Monitor Metrics: Track citation error rates by category to identify trends and model regressions.
Establish Review Workflow: Create a process for human review of flagged citations.

Decision Matrix

Scenario	Recommended Approach	Why	Cost Impact
Customer Support Bot	Block Fabricated/Misquote; Warn on Substitution/Drift	High volume, lower risk. Focus on preventing broken links and clear misinformation.	Low
Legal Research Tool	Block All Errors; Require Multi-Citation	Zero tolerance for errors. Audit trail is critical.	High
Internal Knowledge Base	Warn on All Errors; Allow Override	Balance accuracy with usability.

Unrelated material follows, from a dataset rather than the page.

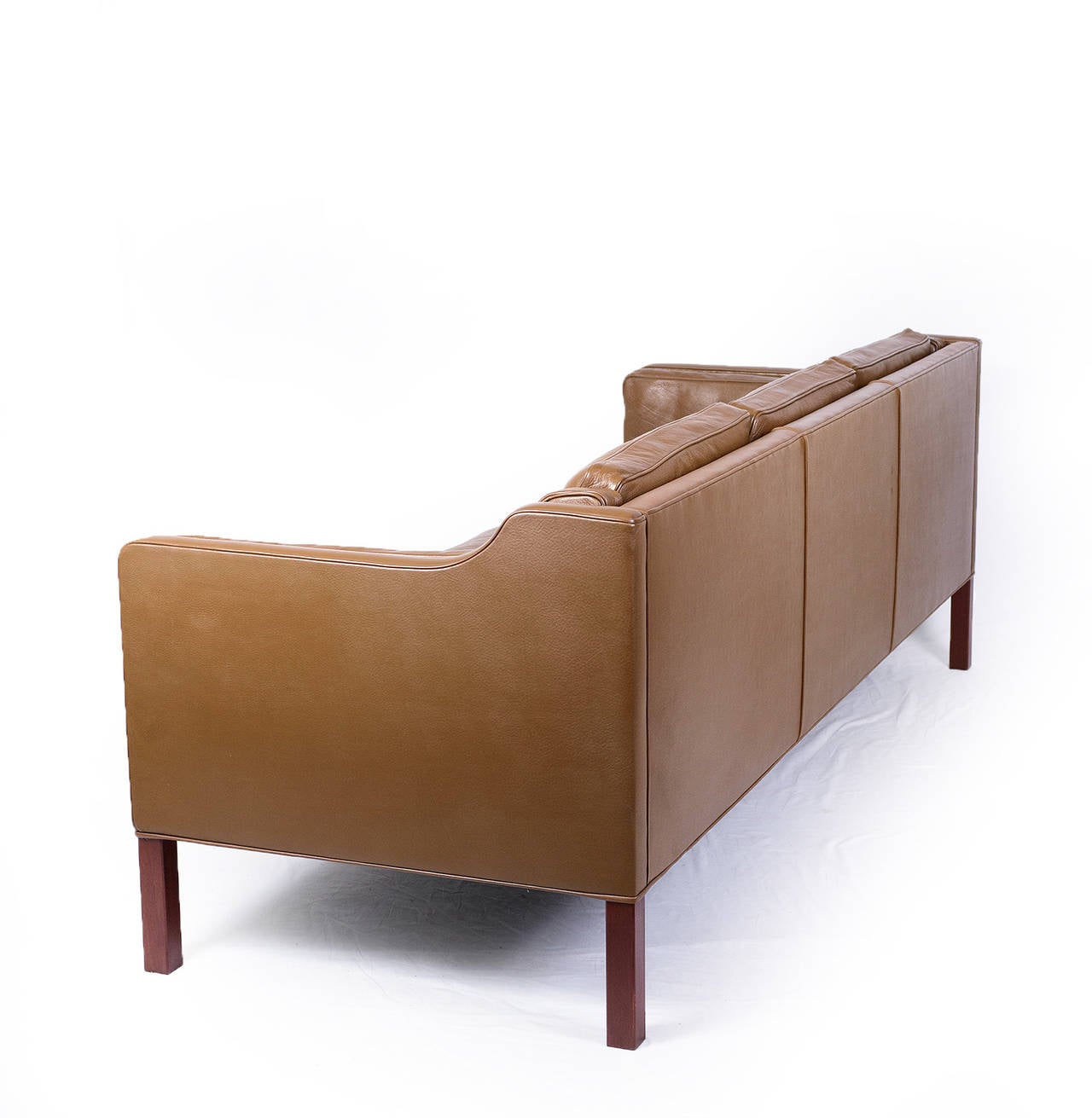 Borge Mogensen Model #2213 Three-Seat Leather Sofa In Good Condition In Los Angeles, CA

Users can verify sources manually.	Medium
High-Stakes Financial Data	Block All Errors; Human Review Required	Compliance and regulatory requirements demand strict verification.	Very High

Configuration Template

# citation-verification-config.yaml

verification:
  strategy: "tiered"
  semantic_threshold: 0.75
  drift_sensitivity: "high"

enforcement:
  policies:
    - error_type: "FABRICATED"
      action: "BLOCK"
    - error_type: "MISQUOTE"
      action: "BLOCK"
    - error_type: "SUBSTITUTION"
      action: "WARN"
    - error_type: "DRIFT"
      action: "WARN"

monitoring:
  metrics:
    - "citation_error_rate"
    - "error_distribution"
    - "verification_latency"
  alerts:
    - threshold: 0.05
      metric: "citation_error_rate"
      action: "notify_engineering"

Quick Start Guide

Install Dependencies: Ensure you have the necessary libraries for text processing and semantic analysis (e.g., @langchain/core, @tensorflow-models/universal-sentence-encoder).
Define Models: Copy the models.ts definitions into your project.
Implement Verifier: Use the verifier.ts code as a starting point. Replace the mock semantic functions with actual implementations.
Configure Policy: Set up your enforcement rules based on your use case.
Integrate: Add the verification step to your response pipeline. Test with a sample of queries to validate the logic.
Deploy: Roll out the verification layer and monitor metrics. Adjust thresholds and policies as needed.